The Epstein scandal tells us something not just about these individuals or about wealthy elites- although it tells us plenty about them- it is a scandal about our age. It is a scandal about politics, money, power, and the stench of decay. Graham Greene’s novel was not just about politics being a battlefield. The novel’s epigraph is a quote from Alexander Kingslake’s The Invasion of Crimea,
"In so far as the battlefield presented itself to the bare eyesight of men, it had no entirety, no length, no breadth, no depth, no size, no shape, and was made up of nothing except small numberless circlets commensurate with such ranges of vision as the mist might allow at each spot… In such conditions, each separate gathering of English soldiery went on fighting its own little battle in happy and advantageous ignorance of the general state of the action; nay, even very often in ignorance of the fact that any great conflict was raging".

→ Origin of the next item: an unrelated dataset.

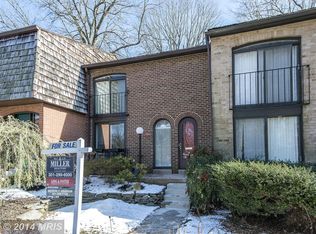 7942 Inverness Ridge Rd, Rockville, MD 20854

The metaphor runs through the book. The war is between the rich and poor, between the State and citizens, between left and right. Parliament is a battlefield. The nation is a battlefield. The city is a battlefield. The world is battlefield. The frontline impossible to identify. As the Kingslake quote suggests individuals are fighting their ‘own little battle’, ignorant of the wider conflict they are part of. But there is no escape. Ignorance no defence.
Graham Greene wrote It’s A Battlefield during his brief involvement with the Independent Labour Party and many reviewers read those politics into the novel. Viewpoint, a Marxist journal at the time, even claimed it “has some conception of the basis of the class struggle.” I am not sure that is a correct reading of the work. The politics, in fact, seem ambiguous. Greene is setting out the social ills of the 1930’s, with the last world war still clear in public memory but already another world war looming. It reflects a period when there was a very real understanding that society was in trouble. That the political class did not have the answers. That a crisis, even greater than the crises engulfing the moment, was taking shape. That the economic decline was not a temporary setback and could signal imminent societal collapse. And, crucially, that the politics of that crisis could break left or right.
Greene himself later said the novel was about “the sense of violence and confusion.” In other words, how might we live our private lives, making our way, isolated, anxious and fearful, through the ruins and rubble, when faced with such profound public crises of an unsustainable economic model and a diseased political system. We recognise this when we watch the news every night. War, scandal, crises. It seems like the end of the world. But it is just a Thursday.